▶ _HOW TO COMPLETE THIS TASK_
Look through the data below for the line with "Girls Yarn Skirt", and transcribe it exactly together with each line after it up to and including the line with "Unique design icon of running nose". Give nothing else.

------ INPUT RECORDS

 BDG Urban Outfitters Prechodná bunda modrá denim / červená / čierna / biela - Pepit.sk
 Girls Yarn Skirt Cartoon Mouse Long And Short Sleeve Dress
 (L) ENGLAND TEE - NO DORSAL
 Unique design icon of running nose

------------
------ INPUT RECORDS

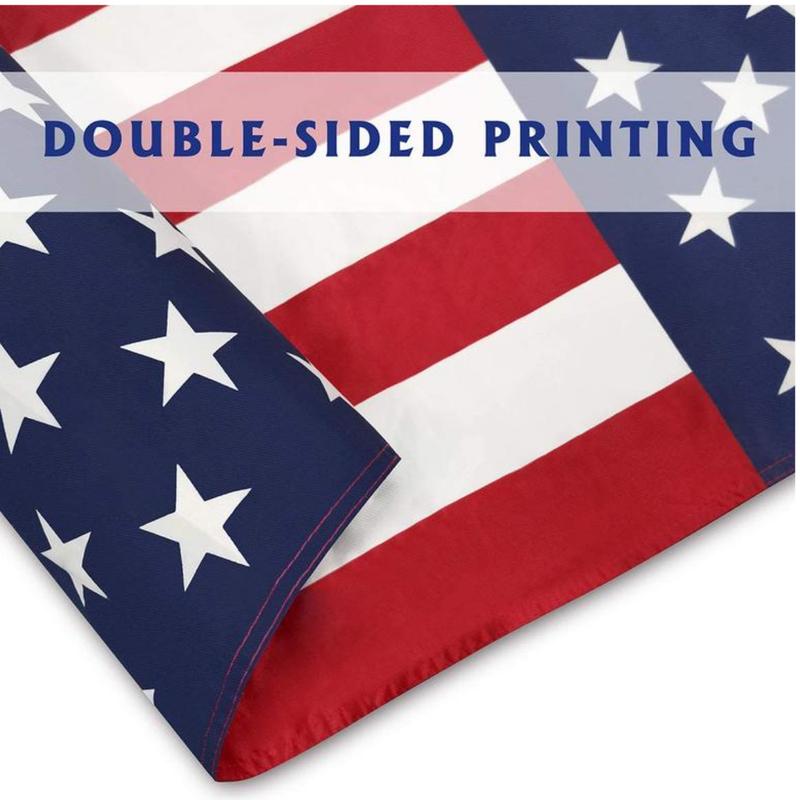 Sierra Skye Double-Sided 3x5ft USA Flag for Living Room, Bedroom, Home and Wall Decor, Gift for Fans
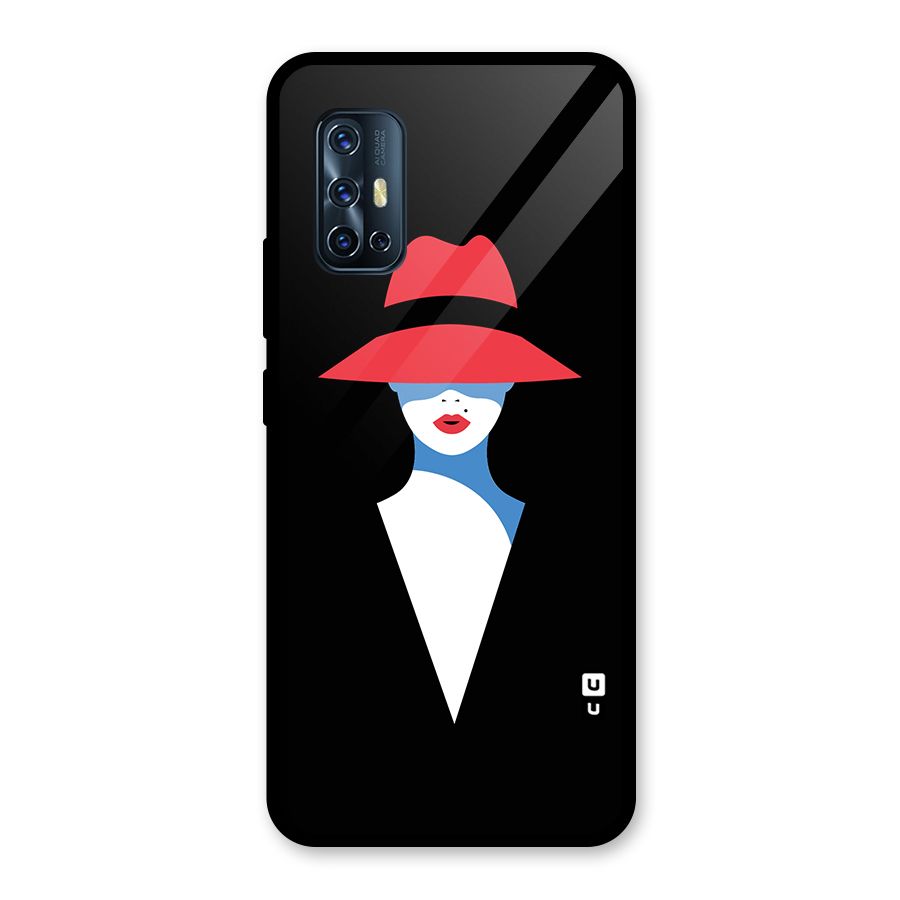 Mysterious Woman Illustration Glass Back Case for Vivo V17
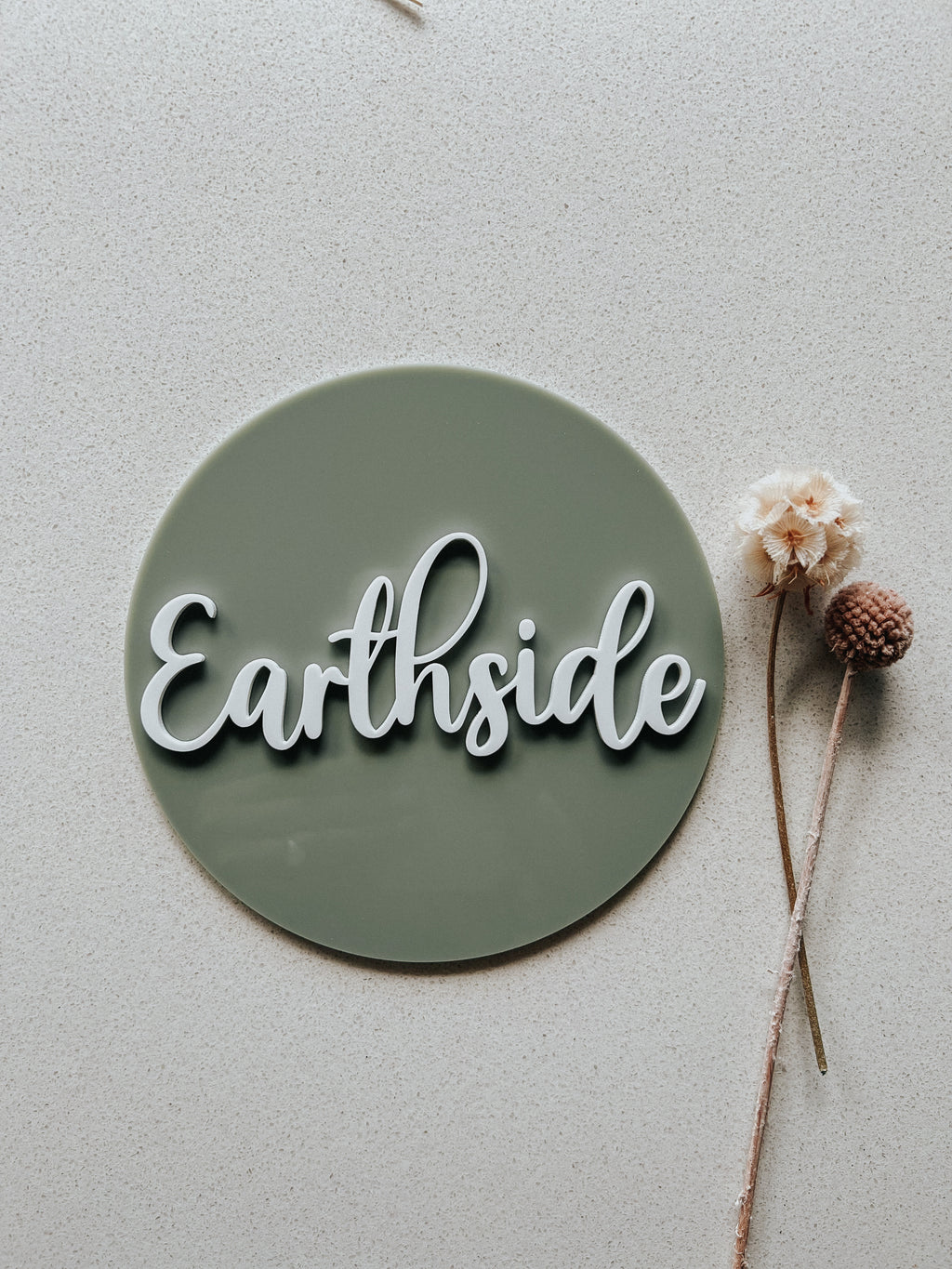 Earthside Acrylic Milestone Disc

------------

▶ _SOLUTION FOR THIS PROBLEM_
 Girls Yarn Skirt Cartoon Mouse Long And Short Sleeve Dress
 (L) ENGLAND TEE - NO DORSAL
 Unique design icon of running nose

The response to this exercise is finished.